The project wasn't intended to be drawn out this long, in fact, it should have taken several days. The construction company was originally supposed to replace the sewer pipe, but in the process of doing so, they broke a water line and much more. (For the whole story see: http://www.theledger.com/news/20180822/mulberry-loses-water-service-after-supply-line-severed Outside of all the technical talk, what I know is this: the project is not done and there is no completion date in sight.
Between the spouts of no water, no internet, (and at one point no electricity), our garbage and recyclables not being collected and the difficulty of getting our car in and out of our driveway (on a daily basis) I have been thinking about the correlation between this construction and the season of life we are currently in. When I wake up each day to the sound of a generator, I have to remind myself, "this is not forever." It's easy to believe that it will be our situation forever because there's no completion date to look forward to, but that's not true.
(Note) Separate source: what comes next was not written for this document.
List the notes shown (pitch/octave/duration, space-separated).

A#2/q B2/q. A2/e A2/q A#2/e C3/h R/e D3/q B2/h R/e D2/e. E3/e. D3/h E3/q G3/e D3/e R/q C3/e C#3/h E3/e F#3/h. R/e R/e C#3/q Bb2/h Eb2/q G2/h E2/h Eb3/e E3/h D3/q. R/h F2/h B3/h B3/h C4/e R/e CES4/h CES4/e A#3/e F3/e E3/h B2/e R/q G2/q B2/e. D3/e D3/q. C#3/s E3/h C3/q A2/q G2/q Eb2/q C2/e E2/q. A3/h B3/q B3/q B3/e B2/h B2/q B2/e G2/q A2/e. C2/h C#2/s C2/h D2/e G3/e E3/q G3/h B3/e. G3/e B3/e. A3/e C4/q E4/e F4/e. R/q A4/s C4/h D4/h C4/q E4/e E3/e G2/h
There will be an end date. It's actually easy to compare this construction with our current season of life not because the construction is a large inconvenience (which it is) but because it doesn't seem like it will end!
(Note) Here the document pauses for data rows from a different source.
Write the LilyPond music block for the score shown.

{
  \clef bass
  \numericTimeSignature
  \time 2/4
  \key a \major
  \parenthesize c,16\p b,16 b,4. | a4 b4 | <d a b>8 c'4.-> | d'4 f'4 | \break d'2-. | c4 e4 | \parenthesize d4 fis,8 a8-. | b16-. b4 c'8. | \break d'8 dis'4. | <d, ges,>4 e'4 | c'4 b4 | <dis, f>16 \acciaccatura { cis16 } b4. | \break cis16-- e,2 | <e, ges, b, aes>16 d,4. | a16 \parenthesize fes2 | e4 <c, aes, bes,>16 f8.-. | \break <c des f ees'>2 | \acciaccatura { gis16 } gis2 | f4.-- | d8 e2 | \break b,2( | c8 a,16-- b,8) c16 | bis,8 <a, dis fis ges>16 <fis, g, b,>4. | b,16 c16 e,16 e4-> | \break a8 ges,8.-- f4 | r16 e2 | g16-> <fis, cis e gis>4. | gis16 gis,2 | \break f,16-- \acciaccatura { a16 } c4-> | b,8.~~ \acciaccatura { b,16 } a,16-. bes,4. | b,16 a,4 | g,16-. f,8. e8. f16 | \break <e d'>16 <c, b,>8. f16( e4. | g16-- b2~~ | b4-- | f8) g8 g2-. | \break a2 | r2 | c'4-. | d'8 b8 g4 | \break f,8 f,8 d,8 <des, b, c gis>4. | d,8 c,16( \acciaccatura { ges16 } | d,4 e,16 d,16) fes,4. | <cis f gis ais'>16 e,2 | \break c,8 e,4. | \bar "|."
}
God has been doing a lot in our lives this season in Mulberry. He has given us friends, a beautiful home, amazing jobs and even the joy of our lives: Alana. He has also given us silence, and allowed injustice; in this season friends have turned their backs on us and God has walked us through valleys we never knew existed. We came to Mulberry knowing that we were not going to be staying forever; we knew there was a finish date we just didn't know when. Now, 6 years later, It is easy to start complaining and even doubting that we will ever leave, just like it is easy to complain about this construction. But I feel that God is asking us to see with His eyes, not only the literal construction in front of our house, but also this season of construction in Mulberry.
I'm grateful to know that Ashley and I are not alone in the struggle of "completion dates." We all go through those seasons where we know they will not last forever, but it feels as though they will never end. That is where trust comes in. Ashley and I are not going to succumb to the doubt that the construction will last forever. In fact, we are going to stand on the promise of God, in full faith, that there is an end. If you find yourself in a similar construction season, waiting for its completion, be encouraged: it will. But also be encouraged to not miss what God is doing in your life. Whether you feel him or not, He is close.
Lately, I have been asking, "what do you want from me, God?" This morning He whispers, "Rest in me, Louis." I don't need an end date when I have Him. He is enough.